Record excerpts:
--- START ---
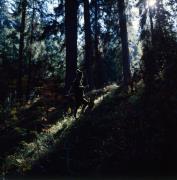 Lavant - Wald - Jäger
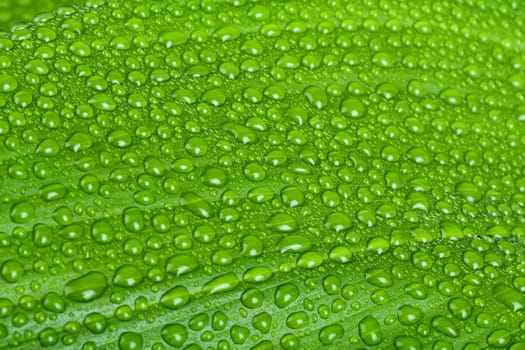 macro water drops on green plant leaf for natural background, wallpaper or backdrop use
--- END ---
--- START ---
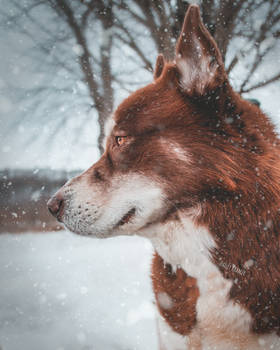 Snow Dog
--- END ---
Task brief:
What to print is the stretch of entries from the line with "Lavant - Wald - Jäger" up to and including the line with "macro water drops". Please print it exactly and leave out the pictures.

Response for this exercise:
 Lavant - Wald - Jäger
 macro water drops on green plant leaf for natural background, wallpaper or backdrop use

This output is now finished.